Idílio Materno

atlanta

Por Marcísio Bahia

Marcísio Bahia é colaborador do Blog do Rodrigo Ferraz
Marcísio Bahia é colaborador do Blog do Rodrigo Ferraz

Era um tempo de outrora, jovenzinho, precisando segurar na mão da minha mãe para atravessar a rua. Não tinha aquela vontade de sair correndo como toda criança a minha volta, pois estar de mãos dadas com ela era meu maior prazer, mais ainda por saber que ela me levaria para a Biblioteca Monteiro Lobato, um dos locais de seu labor, introduzindo-me num mundo de sonhos.

Pelas mãos dela fui conduzido ao mundo, orgulhoso em poder acompanhá-la de um lado pro outro, para as escolas onde lecionava, para os encontros políticos, para todo lugar. Admirando o desempenho e altivez dela. Nas campanhas políticas, fazia questão de carregar o balde de goma que ela usava para colar cartazes e, às vezes, tínhamos que nos esconder da “moreninha” da polícia, pois o simples ato era considerado “subversivo”. Era minha heroína, patriota e libertária, o que sempre acreditei, estando por perto para protegê-la, mesmo eu ainda um “toquinho de gente”.

Os anos foram se passando céleres e, de uma hora para outra, passei a ser o seu parceiro, íamos juntos aos comícios do grande orador Jadiel Matos, com seu chapéu de vaqueiro. Fazia muito frio pela periferia conquistense, mas meu coração sempre aquecido por poder testemunhar a história frente a meus olhos, e ela farol aceso dos meus primeiros ideais. Lecionamos, criamos e executamos projetos educacionais em parceria, crescendo e amparando um ao outro, sempre a mestra conduzindo esse discípulo pelas entranhas do conhecimento. Uma admiração mútua, um carinho intenso, um amor que até agora não se comensura. Um idílio entre mãe e filho, entre criadora e criatura.

A passagem do tempo inverteu as polaridades e, sem esperar, passei de filho para irmão e de irmão para pai de minha mãe.  Ela viveu os últimos anos, até sua passagem, no dia 6 de janeiro deste ano, sendo meu bebê, sob meus cuidados. Não sei fico alegre ou fico triste ao lembrar-me de quando eu estava executando as tarefas domésticas (ela fazendo crochê) minha mãe ironizava, cantarolando a música tema da Escrava Isaura (Lê, Lê, lê, lê…).

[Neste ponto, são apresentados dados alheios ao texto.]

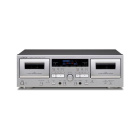 Teac W-1200 dobbelt kassettdekk med digitalisering, sølv Teac W-1200 dobbelt kassettdekk med digitalisering, sølv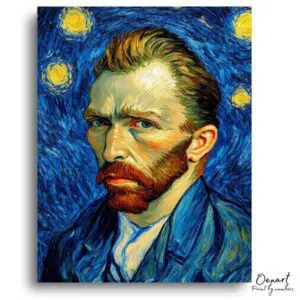 Starry Night Van Gogh Portrait - Paint by Numbers Kit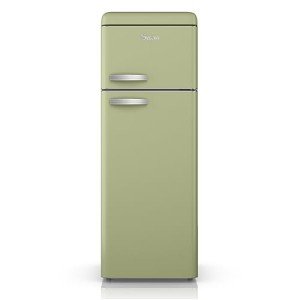 Swan Retro Green Top-Mount Fridge Freezer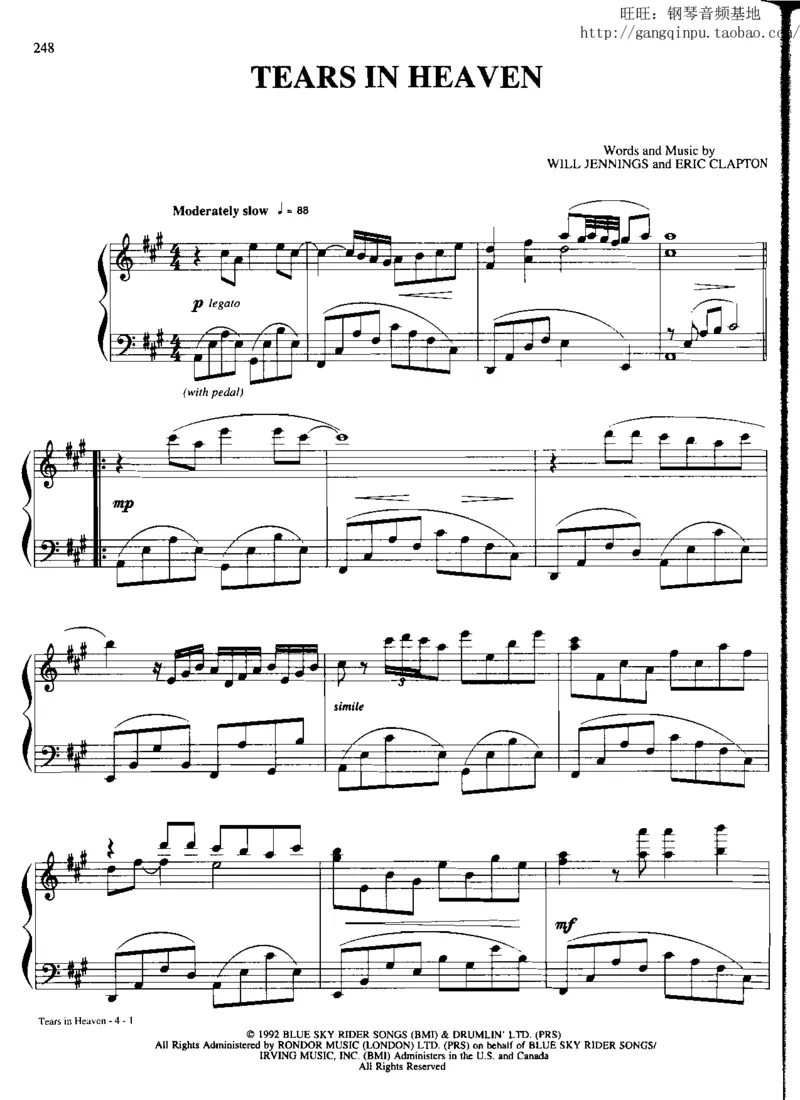 28、流行情调钢琴谱集（296页，共77首）_一万首著名钢琴曲谱哈农贝多芬合集视频教学电子版高清无水印可打印_3流行音乐谱_流行钢琴谱合集形式_高清PDF无水印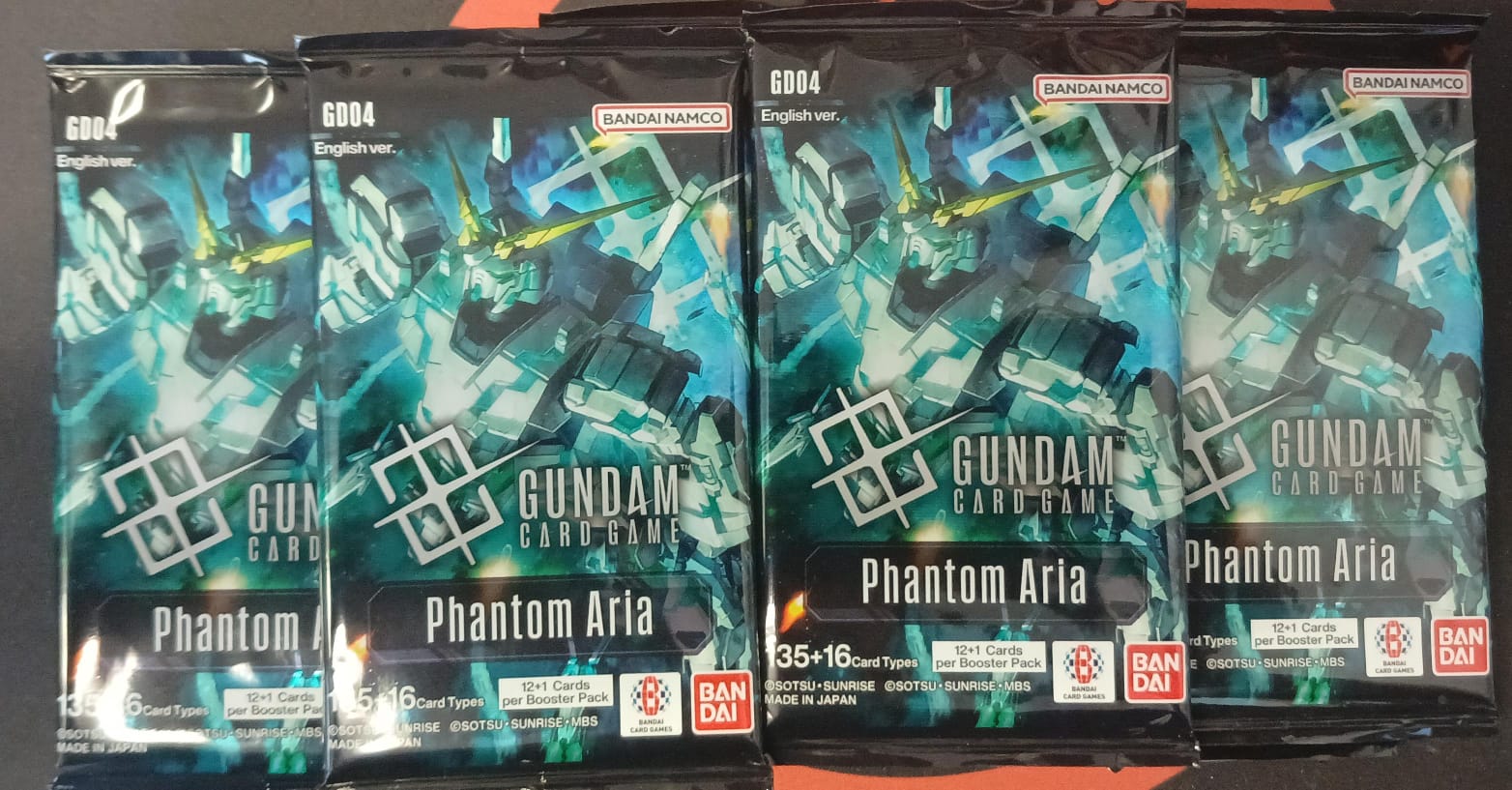 Booster Pack Phantom Aria Gundam Card Game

Um dos seus princípios imutáveis era o de desconsiderar o Dia das Mães, por achar um apelo comercial, mas, antagonicamente, regozijava ao receber presentes na data. Esse será o meu primeiro segundo domingo de maio sem a presença física dela, e escrevo este texto procurando preencher uma lacuna que nunca se completa, mesmo sabendo que agora ela está numa posição mais privilegiada do que a minha, que ainda tenho que gastar muita sola de sapato nesse “mundão de meu Deus”. Dia 10 de Maio de 2015 chegará ainda com certa dose de luto, mas para ser fiel aos pensamentos que absorvi de minha heroína, vou colher umas rosas por aí e sair distribuindo flores e abraços a todas as mães que eu for encontrando pelo caminho.